This fall, a new book was published that condenses much of this research in one volume. In The Sibling Effect: What the Bonds Among Brothers and Sisters Reveal about Us, published in September, Jeffrey Kluger, a Time magazine writer, gathers the latest sibling research and intersperses what he learns with his own memories of growing up with three brothers, and later, a half-sister and half-brother. The result is a rich, thought-provoking mix of social science and memoir.

Looking back on his childhood with three brothers, Kluger often waxes nostalgic. “The four of us, we came to know at a very deep level, were a unit,” he writes, “a loud, messy, brawling, loyal, loving, lasting unit. We felt much, much stronger that way than we did as individuals. And whenever the need arose, we knew we’d be able to call on that strength. Even now, several decades on, we still can.” But the point of his book goes much deeper: Those who don’t feel such warmth toward their siblings have also been shaped in fundamental and inescapable ways by them, whether they like it or not. We may believe that once we leave home and the daily company of our brothers, sisters, step-sibs, and halfs that we’re free of their influence. But the new research suggests that that is far from the case.

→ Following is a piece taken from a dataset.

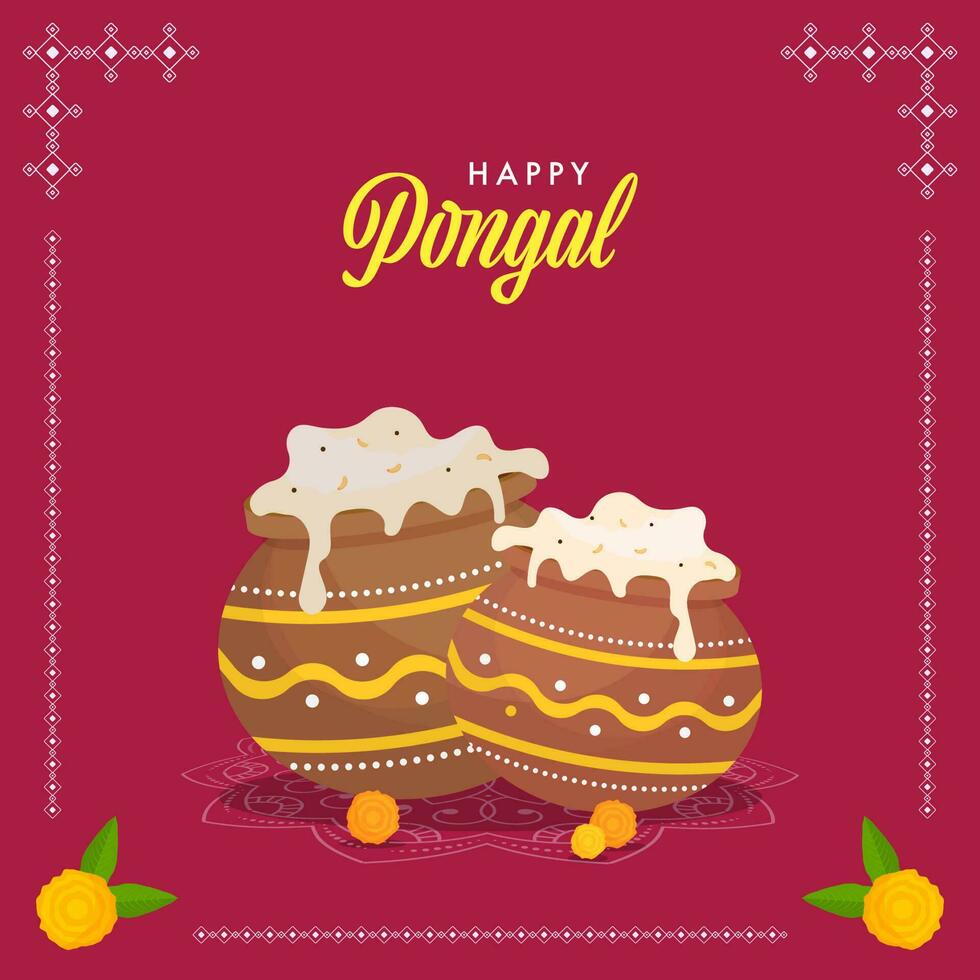 gelukkig pongal viering concept met pongali rijst- in modder potten en goudsbloem bloemen Aan donker roze achtergrond. vector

Eighty percent of Americans grow up with at least one brother or sister, and our bonds with our siblings are often the longest lasting and the most intense of our lives. In contrast to parents, whose relationship with us is more authoritarian in nature, our siblings swim alongside us in the family pool. We take baths with them, share bunk beds, kick each other under the dining room table, and wrestle across the back seats of station wagons through the crucial years of our young lives. From such intense, abiding bonds grows a family tree so tangled, so beautiful, and sometimes so bruised that those of us with siblings see traces of them, like a fine dust, on everything we do—even, or perhaps especially, when we become parents to siblings ourselves. In my case, I am particularly attuned to how my kids play—and fight—with one another, because I lost a brother when I was nineteen, and it wasn’t until long after he was gone that I realized how much his life had influenced my own. Will it take a lifetime—and a tragedy—for my own children to reach similar conclusions?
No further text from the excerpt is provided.